Work request
Using only the entries below, output the lines starting at the one containing "USB-C - iPhone" and ending at the one containing "Scottish Newton Clan", exactly and inclusive of both, omitting the pictures.

Supplied information
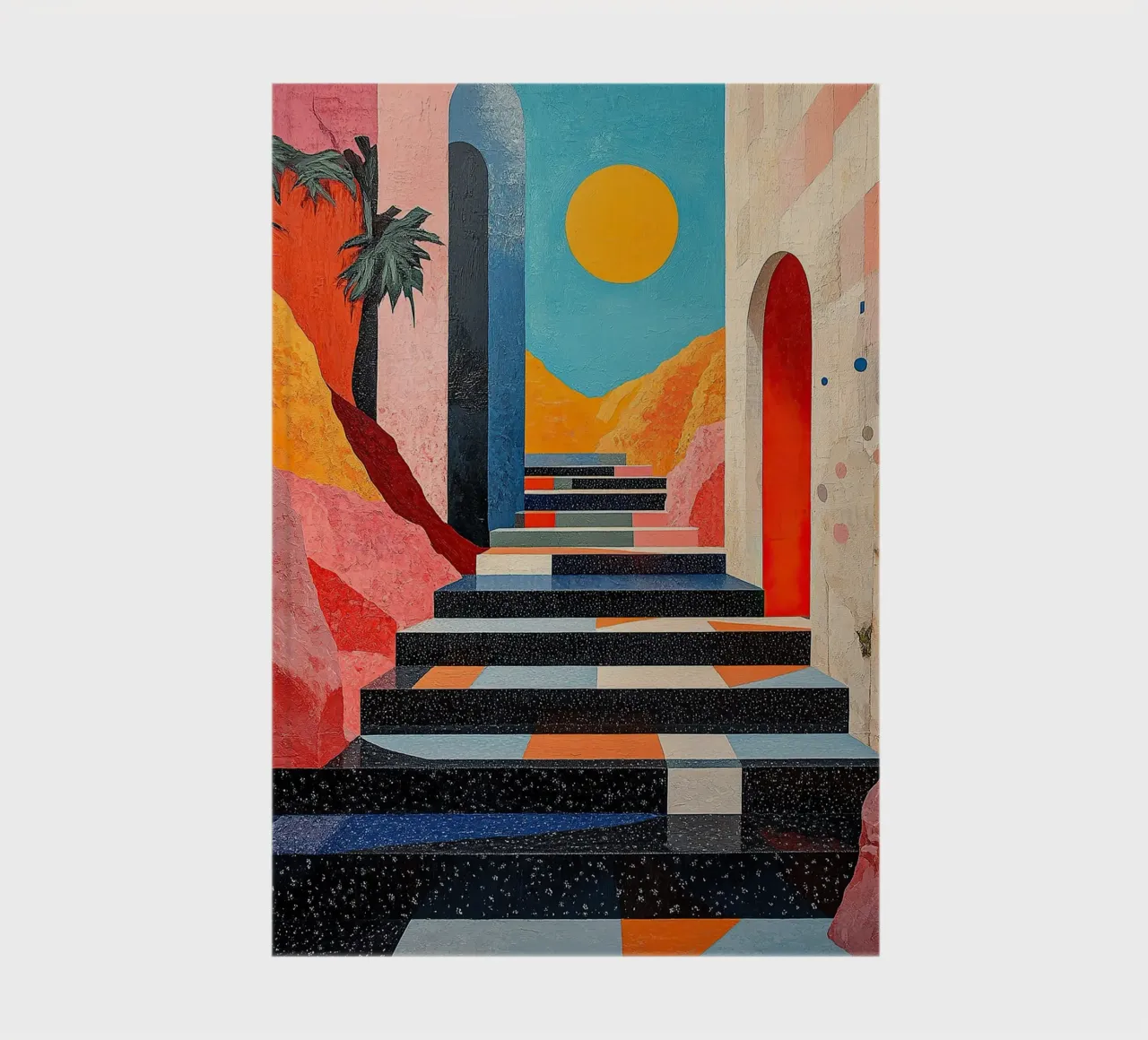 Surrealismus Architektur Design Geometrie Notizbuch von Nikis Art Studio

* * *

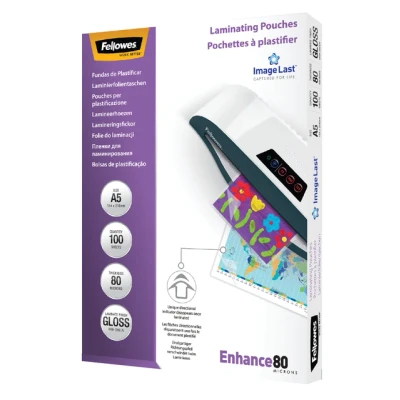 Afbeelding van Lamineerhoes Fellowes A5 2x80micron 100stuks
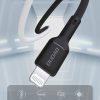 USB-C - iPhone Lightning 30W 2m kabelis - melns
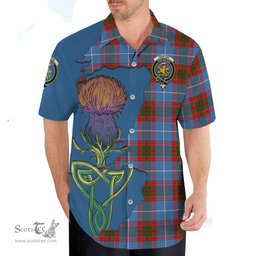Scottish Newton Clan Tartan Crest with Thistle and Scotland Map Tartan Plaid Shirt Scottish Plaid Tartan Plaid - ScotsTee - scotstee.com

The completed task
 USB-C - iPhone Lightning 30W 2m kabelis - melns
Scottish Newton Clan Tartan Crest with Thistle and Scotland Map Tartan Plaid Shirt Scottish Plaid Tartan Plaid - ScotsTee - scotstee.com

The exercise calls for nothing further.